Este proceso comienza con la correcta comprensión de anicca mientras que, paralelamente, las acumulaciones de acciones frescas y la reducción del suministro de energía que sostiene la vida están tomando lugar simultáneamente, momento a momento y día a día. El erradicar en uno mismo todos los sankharas es, por lo tanto, una empresa que puede tomar toda la vida o más. Aquel que se ha liberado de todos los sankharas llega al fin del sufrimiento, debido a que entonces ya no quedan sankharas residuales que proporcionen la energía necesaria para sostenerlo en alguna forma de vida. Al final de sus vidas los santos perfectos, a saber, los Buddhas y los arahants, pasan al parinibbana, alcanzando el fin del sufrimiento. Para nosotros ahora, que practicamos la meditación Vipassana, será suficiente si logramos comprender anicca lo suficientemente bien como para alcanzar el primer estado de ariya (una persona noble), un sotapanna, es decir, alguien que ha entrado en la corriente, aquel que no vivirá más de siete vidas hasta llegar a la erradicación del sufrimiento.

La verdad de anicca, que abre las puertas hacia la comprensión de dukkha y anatta, conduciendo progresivamente hacia el fin del sufrimiento, puede ser encontrada a cabalidad, únicamente, a través de la enseñanza de un Buddha y, mientras las enseñanzas relacionadas con el Noble Sendero Óctuple y los treinta y siete factores de la Iluminación (bodhipakkhiya dhamma) se mantengan intactos y disponibles para el aspirante.
Para progresar en la meditación Vipassana, un estudiante debe mantener la conciencia de anicca tan ininterrumpidamente como sea posible. El consejo del Buddha a los monjes es que deben intentar mantener la conciencia de anicca, dukkha o anatta en todas las posturas; ya sea sentados, de pie, caminando o tumbados. La continuidad de la conciencia de anicca, como también de dukkha y anatta, es el secreto del éxito. Las últimas palabras del Buddha, justo antes de sus últimos respiros y su partida hacia el mahaparinibbana, fueron: “La impermanencia (anicca) es inherente a todo lo compuesto. Trabaja con diligencia por tu propia salvación”. Ésta es, de hecho, la esencia de todas sus enseñanzas durante los cuarenta y cinco años de su ministerio. Si mantienes la conciencia del anicca que es inherente a todo lo compuesto, de seguro has de alcanzar la meta en el curso del tiempo.

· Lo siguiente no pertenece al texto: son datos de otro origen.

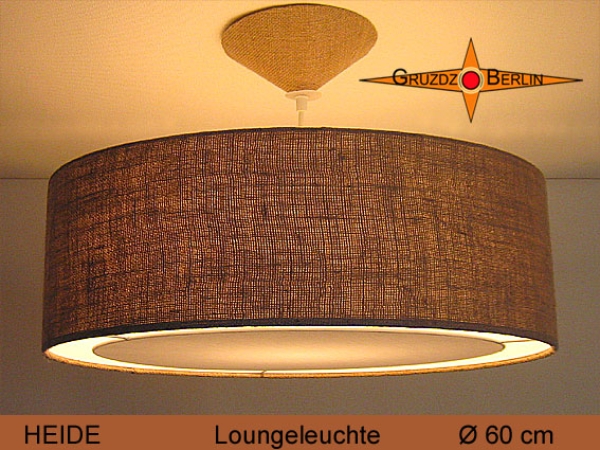 Braune Lampe aus Jute HEIDE Ø60 cm  grosse Jutelampe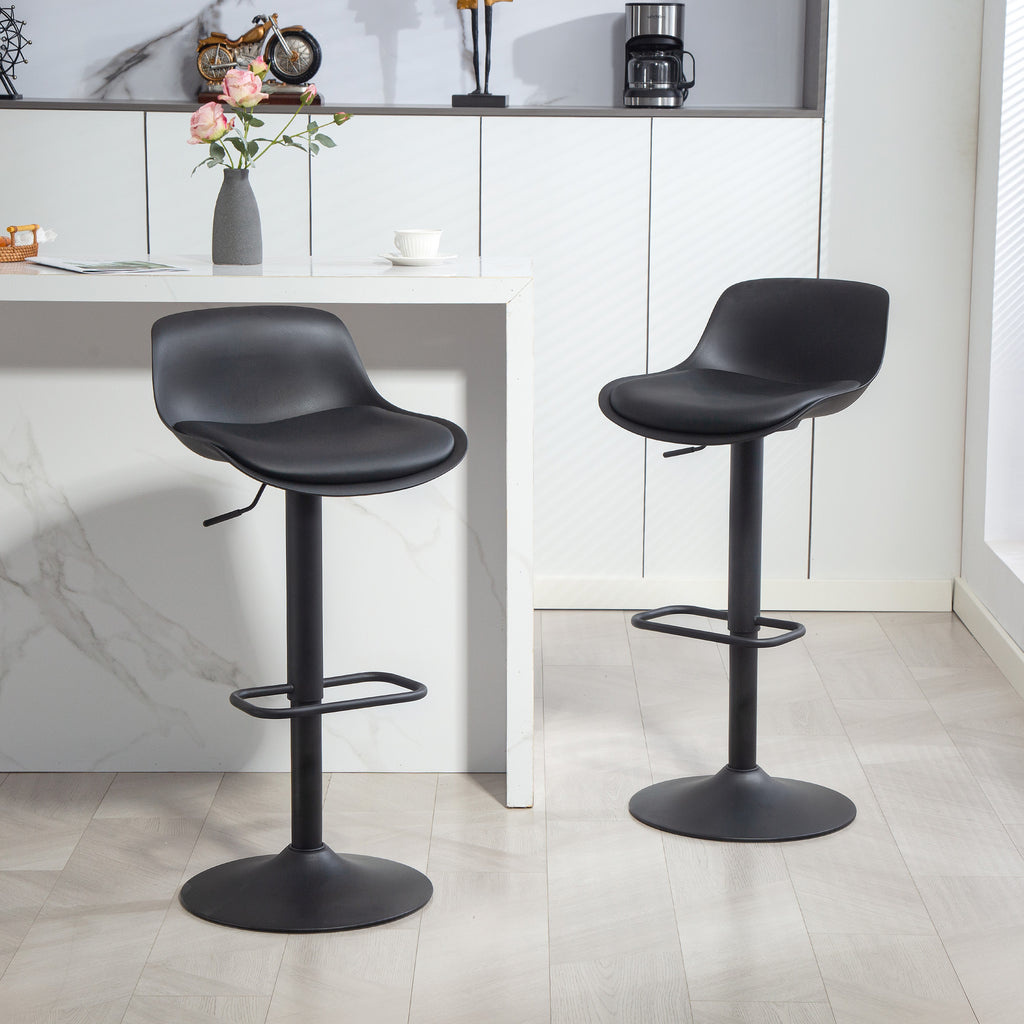 Zee Counter Height Bar Stools Set of 2, Streamlined Bar Chairs with Adjustable Height and Swivel PU Leather Seat, Black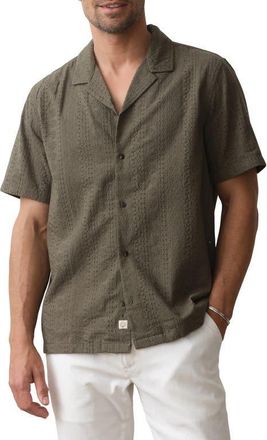 Marine Layer Eyelet Cotton Camp Shirt in India Ink at Nordstrom, Size Xx-Large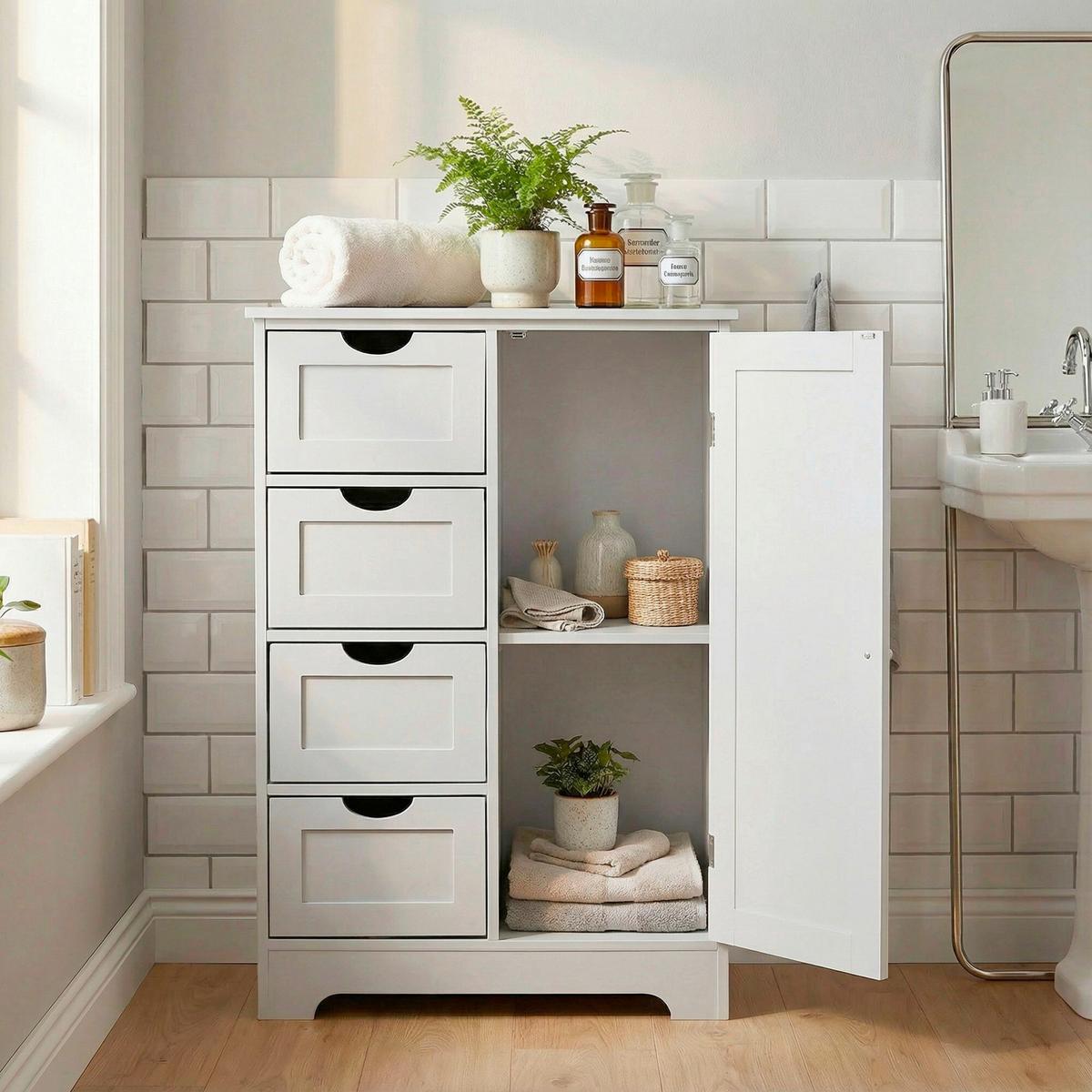 SIDEBOARD Weiß B: 55cm - Weiß, Design, Holzwerkstoff (55/80/30cm) - Livetastic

Cuanto más te desarrolles en la comprensión de anicca, mayor será tu conocimiento de “lo que es la verdad de la naturaleza”, de modo que finalmente, no tendrás duda alguna sobre las tres características de anicca, dukkha y anatta. Sólo entonces estarás en condición de avanzar hacia el objetivo. Ahora que conoces anicca como el primer factor esencial, debes intentar comprender lo que es anicca con verdadera claridad, tan exhaustivamente como sea posible, para que así, no haya confusión en el transcurso de la práctica o la discusión.